▶ [WHAT THE TASK REQUIRES]
Begin at the top of the records below and return each line exactly through the line with "We also have". Skip pictures.

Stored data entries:

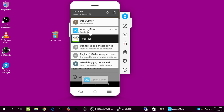With ApowerMirror you can control your Android from your computer — and it also works with an iPhone. Adios.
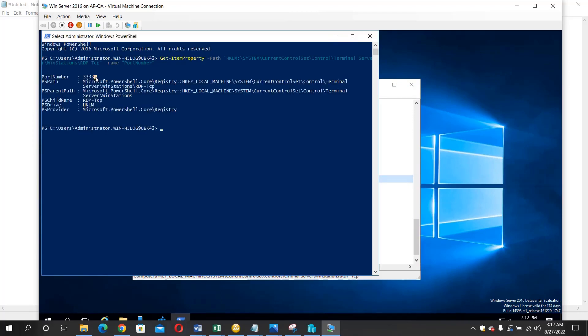Can you see the port number here? The one we just changed to 3333. So we actually changed it from the default, which was 3389, to this particular port number.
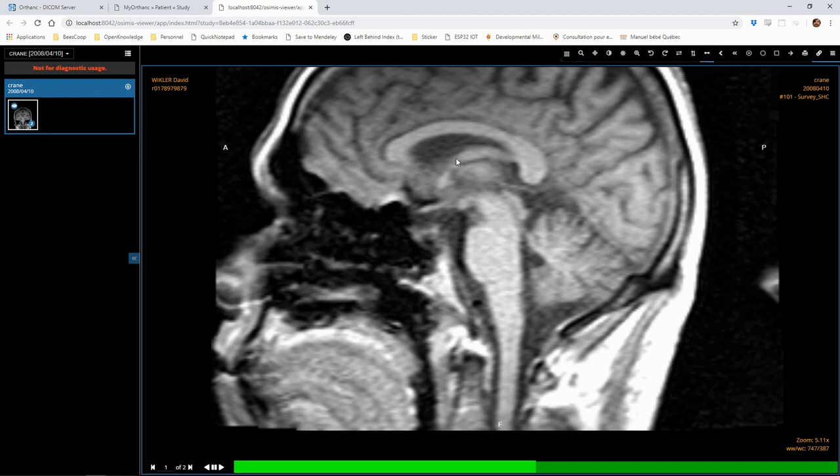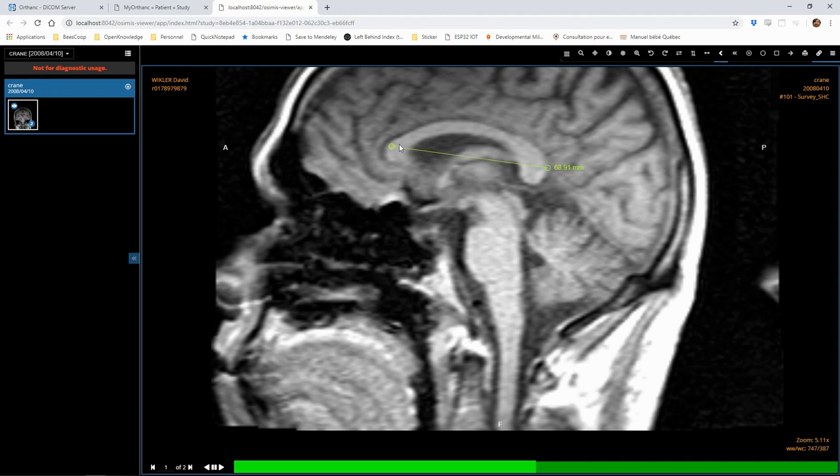We also have some measuring tools which can use the metadata from the DICOM file to compute real distances in millimeters from the distance in pixels.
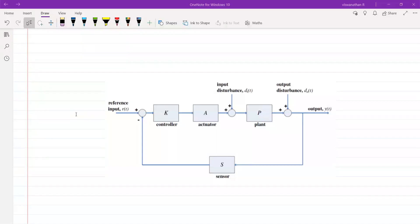Good morning. So we were discussing the transfer function — we took a spring-mass-damper system, gave it an impulse input, and looked at the impulse response. That is an example we did for the transfer function.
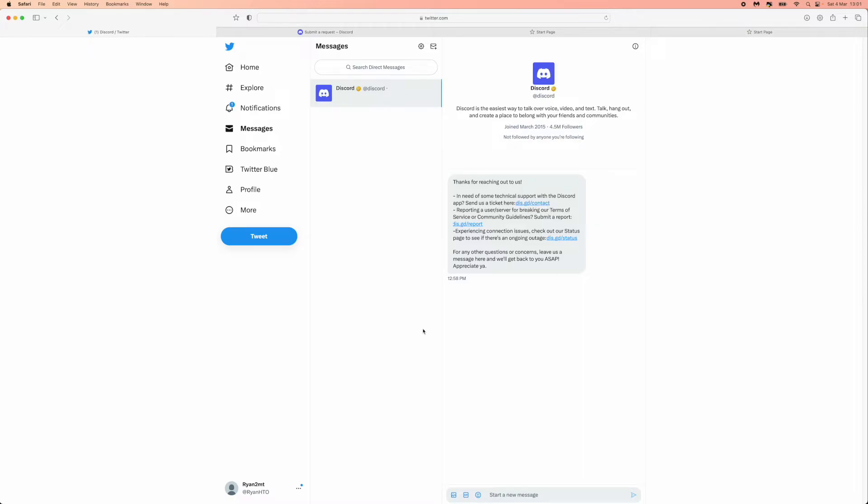So we've got these little message here saying you can contact Discord right here. But we can also write a message to Discord. We can start off by putting something really simple like this. So you could put 'my account was hacked' and just give a little description about what has happened to your account.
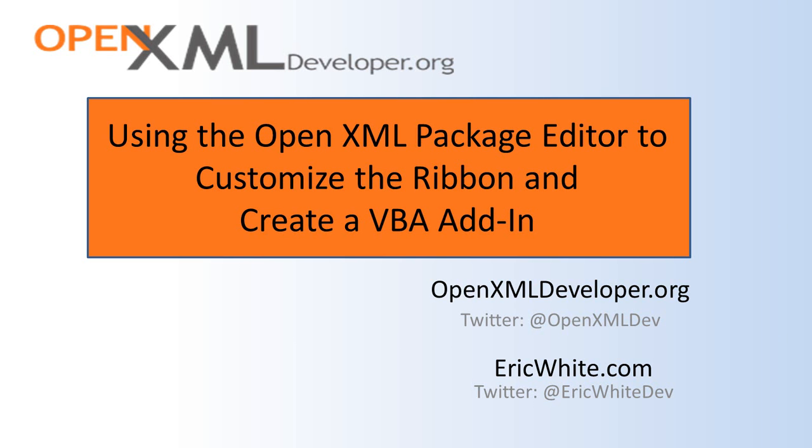Feel free to follow me on Twitter at EricWhiteDev. You can also read my personal blog at EricWhite.com. And of course, follow OpenXMLDev on Twitter for news about OpenXML. Thanks for watching.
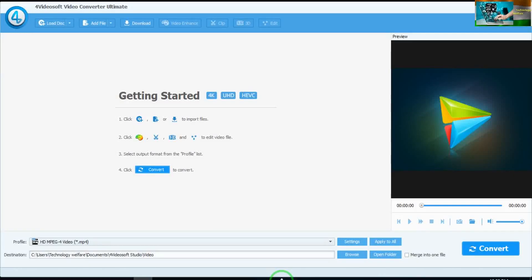InfoWelf here. In this video tutorial I will show you what are the features of InfoVideoSoft Video Converter Ultimate Software and how you can purchase it also.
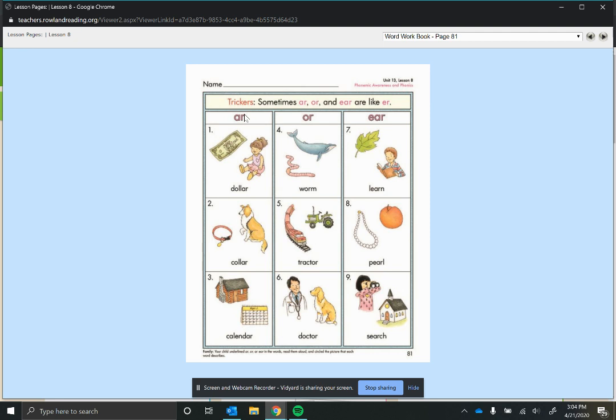So normally A-R says 'ar' like a pirate, but sometimes if it's being tricky, it'll just say 'er'.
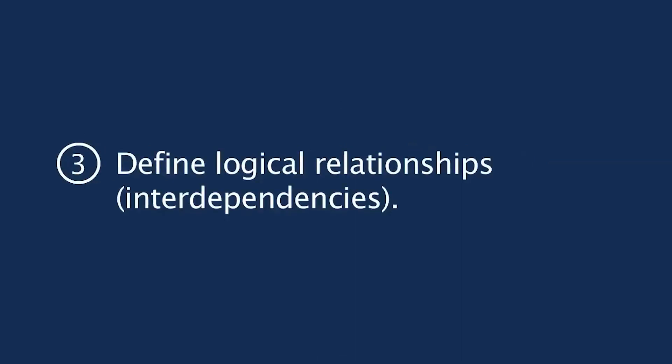The third one is to define the logical relationships, or we call them the interdependencies among activities. What activity depends on what?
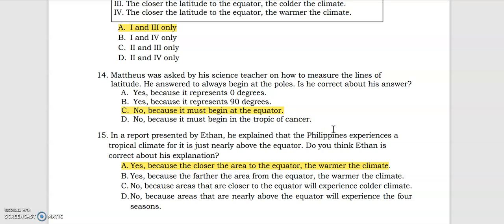Thank you so much for watching this video lesson for quarter one, week one, part one. For our next video lesson, we'll have quarter one, week one, part two — all about longitude. In that part we're also going to locate both latitude and longitude. Thank you so much for your time, and until next time, bye bye!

▶ [ANSWER BELOW]
With ApowerMirror you can control your Android from your computer — and it also works with an iPhone. Adios.
Can you see the port number here? The one we just changed to 3333. So we actually changed it from the default, which was 3389, to this particular port number.
We also have some measuring tools which can use the metadata from the DICOM file to compute real distances in millimeters from the distance in pixels.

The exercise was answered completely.